Ordered that the order is affirmed insofar as appealed from, with costs.
The Supreme Court providently exercised its discretion in granting the defendant’s motion to vacate the order and judgment entered upon its failure to appear or answer. “The decision as to the setting aside of a default in answering is generally left to the sound discretion of the Supreme Court, the exercise of which will generally not be disturbed if there is support in the record therefor” (MacMarty, Inc. v Scheller, 201 AD2d 706, 707 [1994]). CPLR 317 permits a defendant who has been “served with a summons other than by personal delivery” to seek relief from a default upon a showing that it did not receive actual notice of the summons in time to defend, and has a meritorious defense (see Eugene Di Lorenzo, Inc. v A.C. Dutton Lbr. Co., 67 NY2d 138 [1986]; Hon-Kuen Lo v Gong Park Realty Corp., 16 AD3d 553 [2005]; Grosso v MTO Assoc. Ltd. Partnership, 12 AD3d 402 [2004]; Ford v 536 E. 5th St. Equities, 304 AD2d 615 [2003]). Here, the defendant established its entitlement to seek relief pursuant to CPLR 317 by showing that ser*411vice was made by delivery of process to the Secretary of State rather than by personal delivery (see Eugene Di Lorenzo, Inc. v A.C. Dutton Lbr.
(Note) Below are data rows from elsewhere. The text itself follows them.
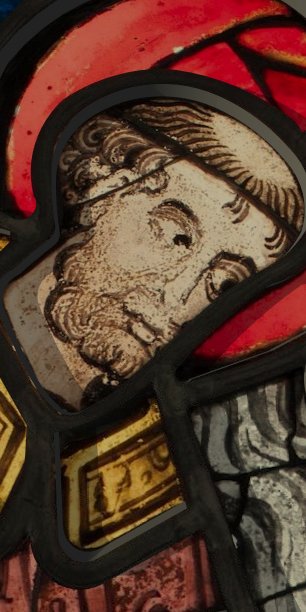 3D表现的殉道者圣罗兰染色玻璃中世纪图片下载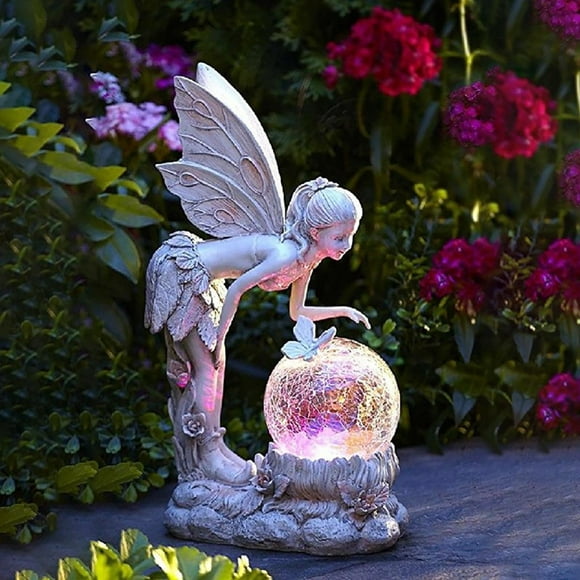 Figurine d'Ange de Fée de softwinduk avec la Sculpture Actionnée par Solaire pour la Lumière Colorée de stand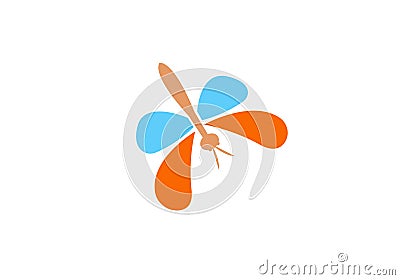 Unique dragonfly logo template.simple shape and color. vector. editable.Dragonfly logo design with simple shape and color illustra Vector Illustration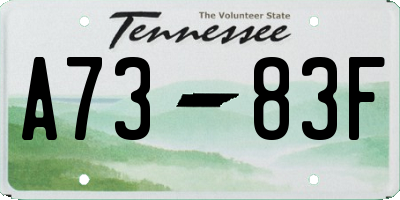 TN license plate A7383F
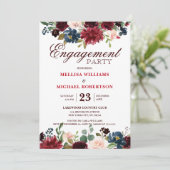Burgundy Red Navy Floral Rustic Boho Verloving Kaart (Staand voorkant)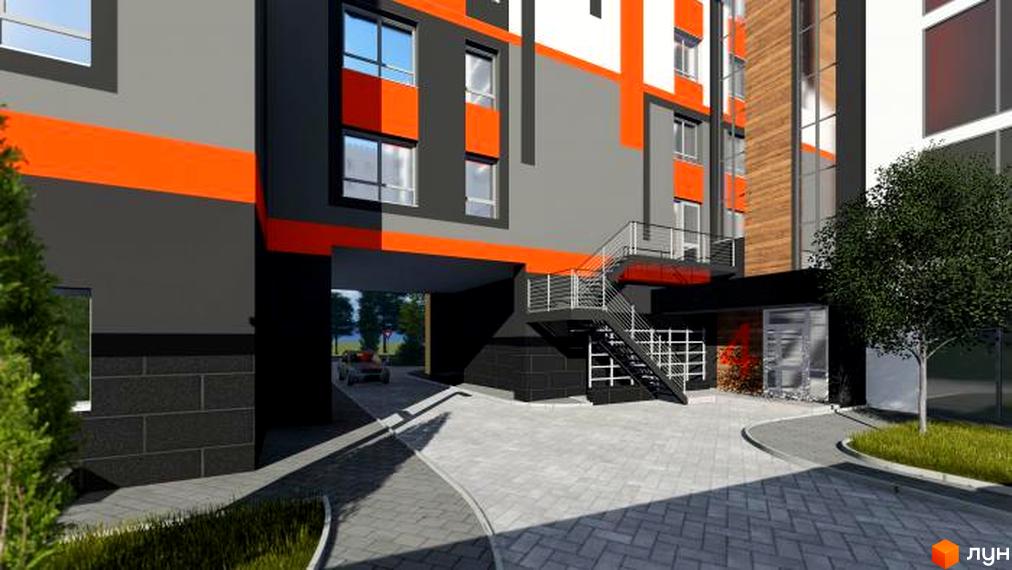 Зовнішній вигляд новобудови ЖК Вінницький з сірими та помаранчевими елементами фасаду. Прибудинкова територія з бруківкою та деревами.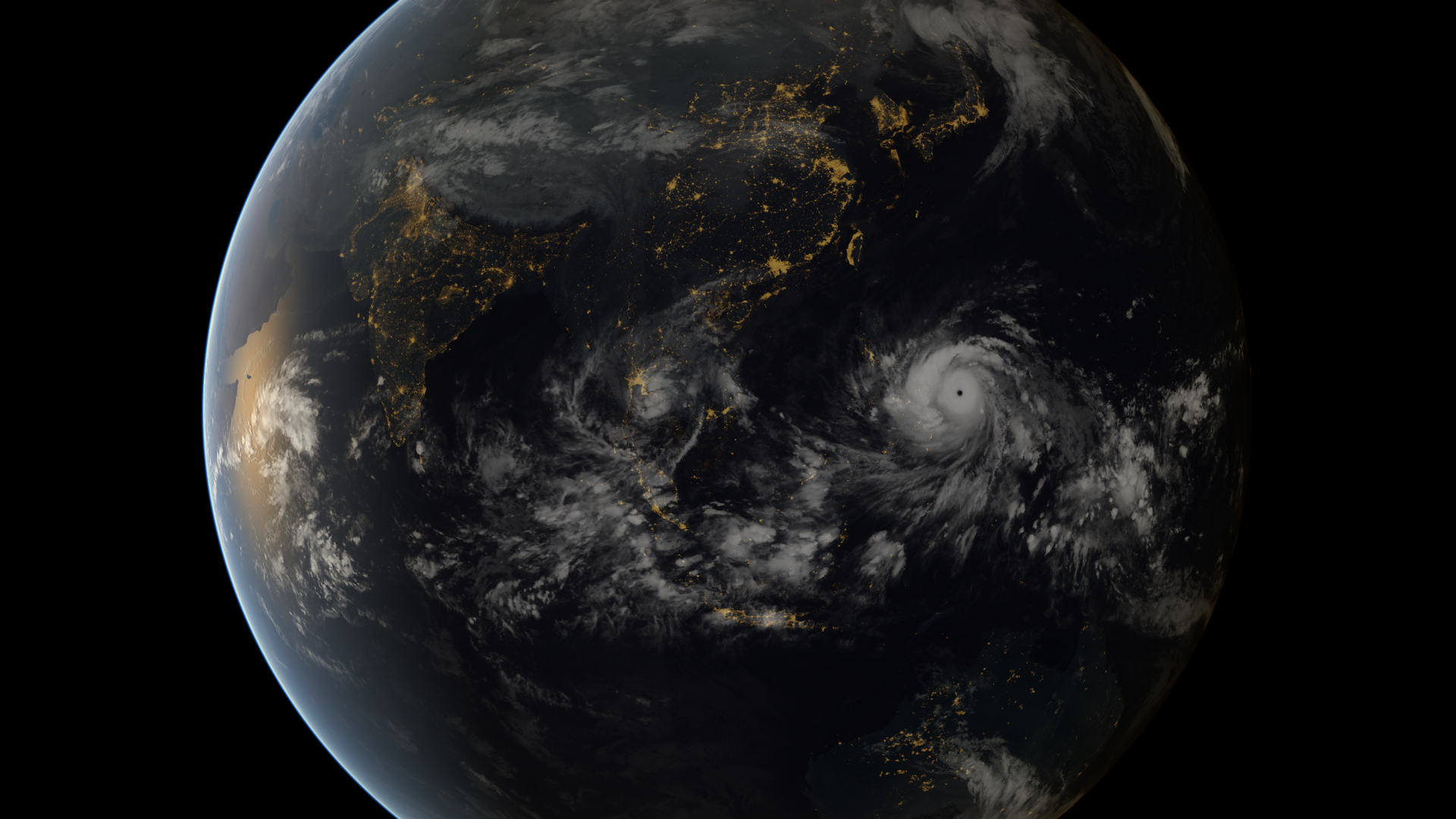 Earth Hurricane Night Space Clouds Asia Storm 1920x1080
Co., supra at 142). Furthermore, the affidavits which the defendant submitted in support of its motion were sufficient to demonstrate that it did not receive actual notice of the commencement of this action in time to defend (see HonKuen Lo v Gong Park Realty Corp., supra; Ford v 536 E. 5th St. Equities, supra), and there is no evidence that the defendant deliberately attempted to avoid notice of the action by designating its cooperative building as its address for service of process (see Grosso v MTO Assoc. Ltd. Partnership, supra; Raiola v 1944 Holding, 1 AD3d 296 [2003]; Brockington v Brookfield Dev. Corp., 308 AD2d 498 [2003]). In addition, the defendant established the existence of a meritorious defense to both the common-law negligence claim pleaded in the plaintiffs original complaint, and the General Municipal Law § 205-e claim which was asserted for the first time in the amended complaint annexed to the plaintiffs opposition papers (see Rabinowitz v City of New York, 286 AD2d 724 [2001]; Infante v State of New York, 266 AD2d 130 [1999]; Regina v Ogden Aviation Servs., 258 AD2d 574 [1999]). Santucci, J.P., Goldstein, Fisher and Lunn, JJ., concur.